How Does Voice Biometrics Technology Work? 

The process of voice biometric identification consists of two steps: 

Voiceprint extraction – a voice biometric system analyzes a voice sample and creates a mathematical model of the person’s voice (a voiceprint). If the system is analyzing the person’s voice for the first time, this phase is also called voice enrollment. 

Voiceprint comparison – the extracted voiceprint is compared with other stored voiceprints to find a match necessary for successful speaker verification or speaker identification. 

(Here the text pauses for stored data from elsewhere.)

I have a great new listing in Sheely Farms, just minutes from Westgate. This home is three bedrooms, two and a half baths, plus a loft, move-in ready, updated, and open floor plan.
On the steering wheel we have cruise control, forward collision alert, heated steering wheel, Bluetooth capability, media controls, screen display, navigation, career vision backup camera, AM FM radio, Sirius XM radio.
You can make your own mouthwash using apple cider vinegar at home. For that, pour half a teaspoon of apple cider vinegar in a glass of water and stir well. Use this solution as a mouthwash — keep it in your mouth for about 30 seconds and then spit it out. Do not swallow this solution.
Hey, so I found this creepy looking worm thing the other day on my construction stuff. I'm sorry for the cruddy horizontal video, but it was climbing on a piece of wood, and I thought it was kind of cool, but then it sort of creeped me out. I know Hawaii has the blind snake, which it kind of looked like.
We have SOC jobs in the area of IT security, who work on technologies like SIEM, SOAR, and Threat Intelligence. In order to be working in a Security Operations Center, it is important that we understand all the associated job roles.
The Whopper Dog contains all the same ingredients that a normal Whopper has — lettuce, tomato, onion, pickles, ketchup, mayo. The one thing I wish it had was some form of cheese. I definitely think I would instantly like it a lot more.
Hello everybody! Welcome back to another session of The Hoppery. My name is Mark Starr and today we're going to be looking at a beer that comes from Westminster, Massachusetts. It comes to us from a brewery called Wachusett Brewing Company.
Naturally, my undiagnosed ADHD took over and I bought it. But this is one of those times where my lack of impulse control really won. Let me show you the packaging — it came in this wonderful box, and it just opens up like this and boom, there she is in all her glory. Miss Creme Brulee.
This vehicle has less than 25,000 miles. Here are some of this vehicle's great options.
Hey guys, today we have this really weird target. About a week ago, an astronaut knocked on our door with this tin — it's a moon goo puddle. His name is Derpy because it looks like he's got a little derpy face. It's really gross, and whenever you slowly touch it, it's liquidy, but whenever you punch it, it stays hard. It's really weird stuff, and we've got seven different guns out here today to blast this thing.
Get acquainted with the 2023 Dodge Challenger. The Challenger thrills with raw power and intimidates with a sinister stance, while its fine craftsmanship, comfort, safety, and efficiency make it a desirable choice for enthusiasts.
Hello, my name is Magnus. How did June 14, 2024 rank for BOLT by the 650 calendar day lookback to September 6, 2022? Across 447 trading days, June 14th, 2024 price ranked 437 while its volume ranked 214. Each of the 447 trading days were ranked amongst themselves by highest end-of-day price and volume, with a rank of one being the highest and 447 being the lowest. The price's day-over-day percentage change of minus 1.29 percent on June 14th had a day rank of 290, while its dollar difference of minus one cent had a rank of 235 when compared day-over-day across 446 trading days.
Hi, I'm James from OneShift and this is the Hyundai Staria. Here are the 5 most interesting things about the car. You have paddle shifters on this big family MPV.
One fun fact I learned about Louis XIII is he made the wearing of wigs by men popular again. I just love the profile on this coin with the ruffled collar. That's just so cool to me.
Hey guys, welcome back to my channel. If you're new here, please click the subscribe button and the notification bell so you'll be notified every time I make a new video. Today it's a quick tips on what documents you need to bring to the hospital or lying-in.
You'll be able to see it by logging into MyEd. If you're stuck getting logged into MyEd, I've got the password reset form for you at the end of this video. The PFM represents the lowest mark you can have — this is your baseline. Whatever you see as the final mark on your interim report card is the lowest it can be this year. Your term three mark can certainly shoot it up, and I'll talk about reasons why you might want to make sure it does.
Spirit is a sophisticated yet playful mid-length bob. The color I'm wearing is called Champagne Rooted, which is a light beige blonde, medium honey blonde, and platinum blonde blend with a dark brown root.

Of these two steps, voiceprint extraction is more time-consuming while voiceprint comparison is very fast – millions of voiceprint comparisons can be performed in a second. 

Voice Enrollment  

 

 A spectrogram of the acoustic wave of your voice is created, the vertical axis represents frequency, the horizontal axis represents time, and the brightness describes the amplitude of the wave. 

Based on the spectrogram analysis, a voice biometric system analyzes the characteristics and dynamics of the acoustic wave the person produces (voice) and creates a mathematical model (typically a set of floating point numbers) that represents the unique features of the person’s voice. 

Statistical and AI methods are used to find the right set of numbers to represent the shapes, sizes, and movements of the person’s vocal organs. This mathematical model of a voice is called a voiceprint. 

Voiceprint Comparison 

Once the voiceprint from the enrollment process is stored in a database, it can be instantly compared with any other voiceprint extracted from just a few seconds of speech. 

Voiceprints can be compared as: 

  • One-to-one (1:1) for speaker verification and forensic voice analysis 

  • One-to-many (1:N) for speaker identification, speaker search, and speaker spotting 

  • Many-to-many (N:M) for speaker clustering (as well as for speaker identification, speaker search, and speaker spotting) 

The result of each voiceprint comparison is presented as a score that reflects the probability that two voiceprints match (the speaker is verified) or that the voiceprint matches one of the stored ones (the speaker is identified). 

In Australia My Voice Identifies Me Part 2 

I had planned on writing a paper on the following findings.  While my discoveries were not ground breaking or even that surprising, they were proof that a security control used by our banks, government services and access control systems was now obsolete.  The first and probably not the last biometric identification system to fall victim to the exponential advances in AI technology.  The problem is, while we (the public) were sold on the “high tech security” of VoiceID, the industry already knew the system was fundamentally flawed as far back as 2017. 

Here’s the issue.  It doesn’t matter what quality your audio input is ultimately ends up at the quality of the line in to the call centre.  That ladies and gents is a VoIP connection: Codec: G.711, Sample Rate: 8 kHz (8000 Hz), Bit Depth: 8 bits per sample. For reference CD audio quality is: Sample rate: 44 kHz (44000Hz), Bit Depth: 16 bits per sample. Yes, high quality codecs like G.722 are available but not as common. 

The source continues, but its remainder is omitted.